Physics-based Shading Reconstruction for Intrinsic Image Decomposition

TL;DR

This paper introduces a physics-based, deep learning framework for intrinsic image decomposition that effectively addresses shading and texture ambiguities, achieving state-of-the-art results across multiple datasets.

Contribution

It presents a novel combination of physics-based descriptors, unsupervised shading estimation, and deep learning refinement for intrinsic image decomposition.

Findings

Achieves superior results on multiple intrinsic image datasets.

Effectively addresses shading and texture ambiguity problems.
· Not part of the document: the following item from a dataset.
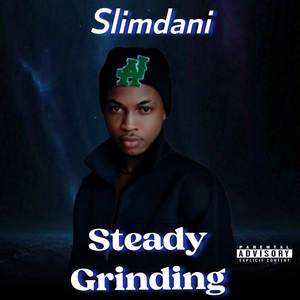 Steady Grinding (Explicit)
Attains state-of-the-art shading estimation performance.

Abstract

We investigate the use of photometric invariance and deep learning to compute intrinsic images (albedo and shading). We propose albedo and shading gradient descriptors which are derived from physics-based models. Using the descriptors, albedo transitions are masked out and an initial sparse shading map is calculated directly from the corresponding RGB image gradients in a learning-free unsupervised manner. Then, an optimization method is proposed to reconstruct the full dense shading map. Finally, we integrate the generated shading map into a novel deep learning framework to refine it and also to predict corresponding albedo image to achieve intrinsic image decomposition. By doing so, we are the first to directly address the texture and intensity ambiguity problems of the shading estimations. Large scale experiments show that our approach steered by physics-based invariant descriptors achieve superior results on MIT Intrinsics, NIR-RGB Intrinsics, Multi-Illuminant Intrinsic Images, Spectral Intrinsic Images, As Realistic As Possible, and competitive results on Intrinsic Images in the Wild datasets while achieving state-of-the-art shading estimations.